From the line with "Crystal Polished, B3067" to the line with "不同色彩的圆形钟表3d模型 不同色彩的圆形钟表", output every line below exactly, both ends included. Skip the pictures.

Material provided:
• • • • •

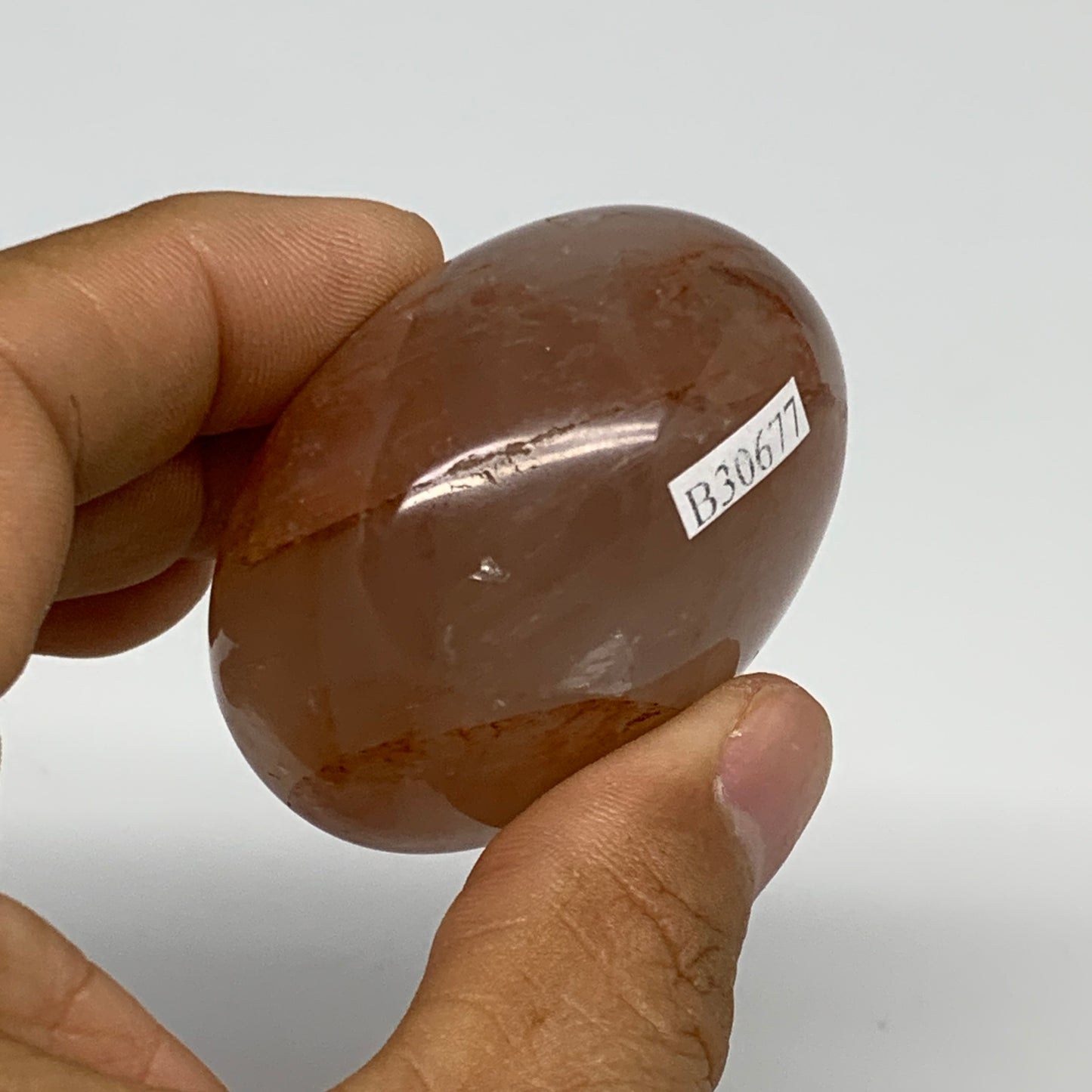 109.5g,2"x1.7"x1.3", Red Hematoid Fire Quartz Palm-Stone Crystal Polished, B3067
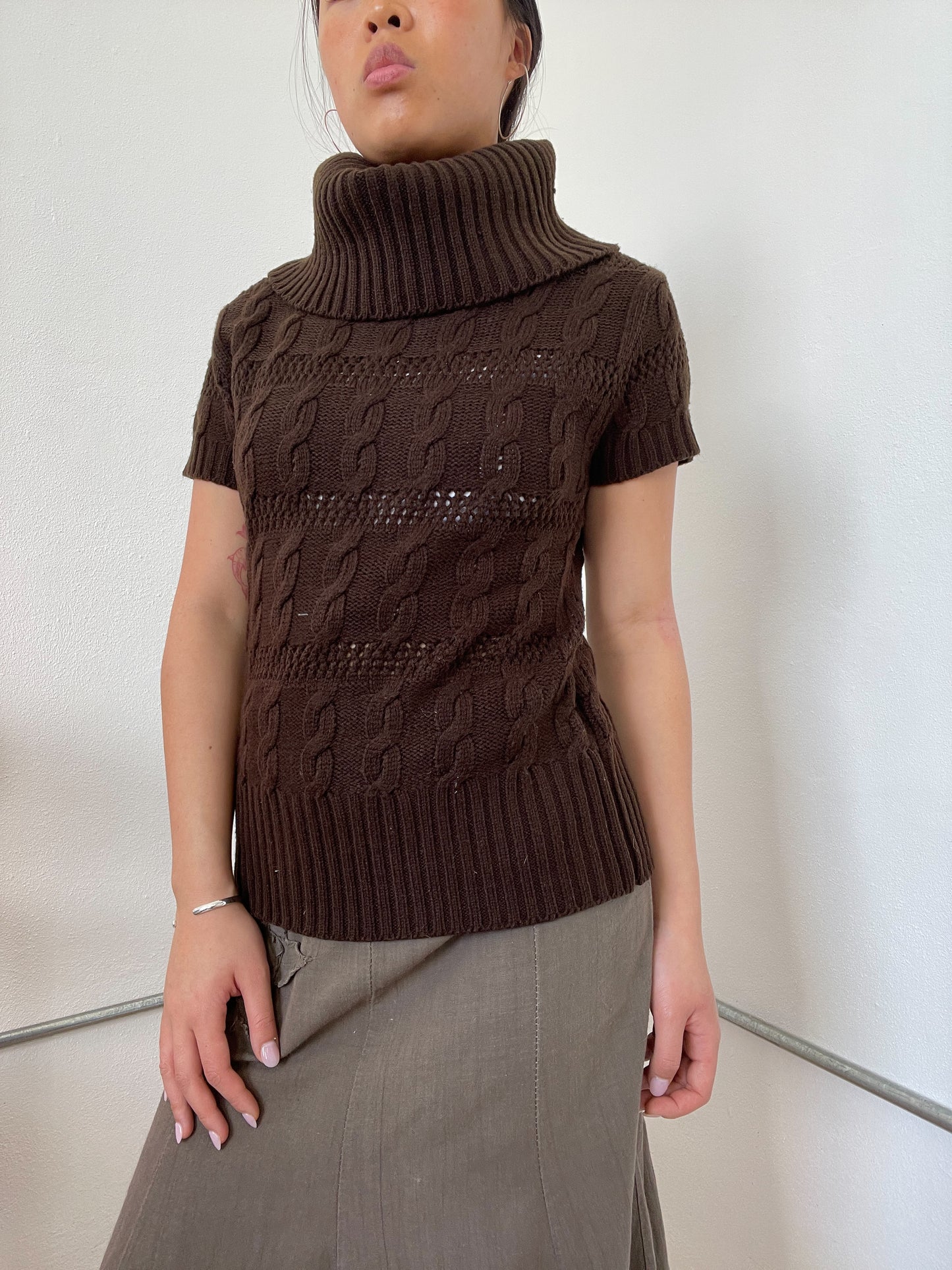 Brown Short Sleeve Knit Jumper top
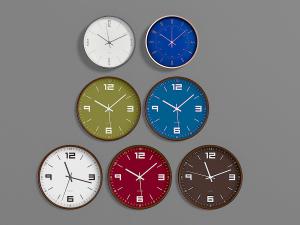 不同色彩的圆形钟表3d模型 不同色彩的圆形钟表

• • • • •

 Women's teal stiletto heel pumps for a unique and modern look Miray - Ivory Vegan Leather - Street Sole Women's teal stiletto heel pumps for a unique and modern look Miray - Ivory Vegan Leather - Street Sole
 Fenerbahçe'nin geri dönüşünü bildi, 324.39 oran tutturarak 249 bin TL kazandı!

• • • • •

Solution to this task:
 109.5g,2"x1.7"x1.3", Red Hematoid Fire Quartz Palm-Stone Crystal Polished, B3067
 Brown Short Sleeve Knit Jumper top
 不同色彩的圆形钟表3d模型 不同色彩的圆形钟表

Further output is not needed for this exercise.